We weren’t keen: It was hard. Really, really hard. It says it’s suitable for age 4+ but there’s absolutely no way Flea would have been able to build anything with this – In the end I passed it on to Flea’s cousin and he and his Dad spent a happy afternoon building fully-functioning, brilliant marble runs. Sometimes, I hate my brother.
In my defence, the instruction manual consists of three illustrations of marble runs to build. I started trying to build A, couldn’t follow the instructions, and gave up. Then I started building B, couldn’t read the instructions, and gave up. Eventually, I started building C, couldn’t read the instructions and told Flea I couldn’t do it. Her little bottom lip wobbled, so I gave it another go.
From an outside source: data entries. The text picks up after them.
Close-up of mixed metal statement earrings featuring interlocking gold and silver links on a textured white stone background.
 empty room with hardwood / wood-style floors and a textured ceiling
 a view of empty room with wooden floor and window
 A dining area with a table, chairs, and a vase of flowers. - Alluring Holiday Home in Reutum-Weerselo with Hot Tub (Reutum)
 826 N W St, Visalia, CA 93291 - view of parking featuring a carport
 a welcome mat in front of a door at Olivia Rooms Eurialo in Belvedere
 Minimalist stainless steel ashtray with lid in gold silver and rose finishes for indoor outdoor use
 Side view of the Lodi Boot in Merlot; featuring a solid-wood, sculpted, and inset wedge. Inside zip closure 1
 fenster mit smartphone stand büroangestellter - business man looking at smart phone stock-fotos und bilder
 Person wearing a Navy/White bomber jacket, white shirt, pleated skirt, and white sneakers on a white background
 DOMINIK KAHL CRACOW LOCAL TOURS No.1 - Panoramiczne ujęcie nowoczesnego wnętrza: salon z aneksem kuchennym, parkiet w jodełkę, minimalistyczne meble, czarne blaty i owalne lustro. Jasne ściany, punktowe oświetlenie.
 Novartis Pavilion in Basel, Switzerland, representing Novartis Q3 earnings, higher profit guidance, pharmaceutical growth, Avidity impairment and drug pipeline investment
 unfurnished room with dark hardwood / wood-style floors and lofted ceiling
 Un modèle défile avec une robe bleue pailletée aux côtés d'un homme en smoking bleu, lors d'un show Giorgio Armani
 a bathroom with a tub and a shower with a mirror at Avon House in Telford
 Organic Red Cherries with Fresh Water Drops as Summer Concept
After two and a half hours, and lots of trial and error, I’d built 90% of run C (I had a false start when I got 75% of the way through and it toppled over, falling apart, meaning I had to start again). I was feeling the warm glow of achievement. The end was in sight. I called back from the game she’d started playing after she got bored watching me, and told her we were almost done. I was imagining posting a picture of our amazing marble run on this review. Oh, foolish hubris!
Only the motorised ‘lift’ left to go. After a few attempts and the now traditional search for the World’s Smallest Screwdriver to insert the batteries, guess what? It didn’t bloody work. I could either get it to pick up the marbles at the bottom of the lift OR drop them into the chute at the top. Not both. Argh!
I spent another hour scrutinising the instructions but the problem was that it was impossible to see exactly which pieces went in which position – I tried every configuration I could think of but eventually I had to admit defeat. Four hours after opening the box, we put everything away again – and I couldn’t face looking at it again.
Overall: The marble run might be great, but the instructions that come with this toy are truly AWFUL. There’s little detail on precisely how key parts fit together – for example, the yellow pole that holds the elevator is made of eight pieces but in the instructions there’s no indication of which pieces, or in which order. Also, the angle of the illustrations makes it impossible to even see which pieces are used in some instances. This means there’s a lot of trial and error and if, like me, you’re not blessed with a good abstract spatial awareness, you’re screwed, basically.
Having watched my older and smarter brother make this work, I’ve picked up some tips on this. Don’t bother trying to follow the instructions. Always, always build the tower with the motor in it FIRST and fit everything else around that. Then maybe, just maybe you’ll get something as truly cool as this kit is possible of creating.